Prince Vivien and the Princess Placida

Anyone but Prince Vivien would have been terrified by such an uncanny sight, but he strode stoutly forward till he reached the second gate, which was opened to him by sixty black slaves covered from head to foot in long mantles.

He wished to speak to them, but soon discovered that they spoke an utterly unknown language, and did not seem to understand a word he said. This was a great aggravation to the Prince, who vas not accustomed to keep his ideas to himself, and he positively found himself wishing for his old friend Patience. However, he had to follow his guides in silence, and they led him into a magnificent hall; the floor was of ebony, the walls of jet, and all the hangings were of black velvet, but the Prince looked round it in vain for something to eat, and then made signs that he was hungry.
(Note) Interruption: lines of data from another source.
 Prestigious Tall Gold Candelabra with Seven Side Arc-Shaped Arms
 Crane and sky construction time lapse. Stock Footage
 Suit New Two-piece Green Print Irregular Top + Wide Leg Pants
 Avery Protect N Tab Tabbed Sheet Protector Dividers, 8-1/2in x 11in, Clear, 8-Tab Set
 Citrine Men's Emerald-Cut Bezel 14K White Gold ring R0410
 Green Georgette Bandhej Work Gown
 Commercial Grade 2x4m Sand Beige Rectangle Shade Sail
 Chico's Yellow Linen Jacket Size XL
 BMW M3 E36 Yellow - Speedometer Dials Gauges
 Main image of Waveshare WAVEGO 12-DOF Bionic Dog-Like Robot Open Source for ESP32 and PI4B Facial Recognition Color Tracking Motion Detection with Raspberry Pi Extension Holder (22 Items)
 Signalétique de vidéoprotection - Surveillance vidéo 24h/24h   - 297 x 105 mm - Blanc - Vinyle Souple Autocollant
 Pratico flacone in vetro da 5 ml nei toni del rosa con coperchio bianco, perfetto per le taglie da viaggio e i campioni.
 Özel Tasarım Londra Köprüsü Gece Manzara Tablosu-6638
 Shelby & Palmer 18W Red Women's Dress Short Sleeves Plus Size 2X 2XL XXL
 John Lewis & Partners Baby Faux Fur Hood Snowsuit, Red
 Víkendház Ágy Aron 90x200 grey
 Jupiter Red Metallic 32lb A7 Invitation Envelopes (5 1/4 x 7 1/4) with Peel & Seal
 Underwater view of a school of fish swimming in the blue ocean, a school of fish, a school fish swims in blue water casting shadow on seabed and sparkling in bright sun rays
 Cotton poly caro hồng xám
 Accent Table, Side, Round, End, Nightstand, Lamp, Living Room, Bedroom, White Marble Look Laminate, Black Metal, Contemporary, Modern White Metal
In the same manner he was respectfully given to understand that he must wait, and after several hours the sixty hooded and shrouded figures re-appeared, and conducted him with great ceremony, and also very very slowly, to a banqueting hall, where they all placed themselves at a long table. The dishes were arranged down the centre of it, and with his usual impetuosity the Prince seized the one that stood in front of him to draw it nearer, but soon found that it was firmly fixed in its place. Then he looked at his solemn and lugubrious neighbours, and saw that each one was supplied with a long hollow reed through which he slowly sucked up his portion, and the Prince was obliged to do the same, though he found it a frightfully tedious process. After supper, they returned as they had come to the ebony room, where he was compelled to look on while his companions played interminable games of chess, and not until he was nearly dying of weariness did they, slowly and ceremoniously as before, conduct him to his sleeping apartment. The hope of consulting the Oracle woke him very early the next morning, and his first demand was to be allowed to present himself before it, but, without replying, his attendants conducted him to a huge marble bath, very shallow at one end, and quite deep at the other, and gave him to understand that he was to go into it.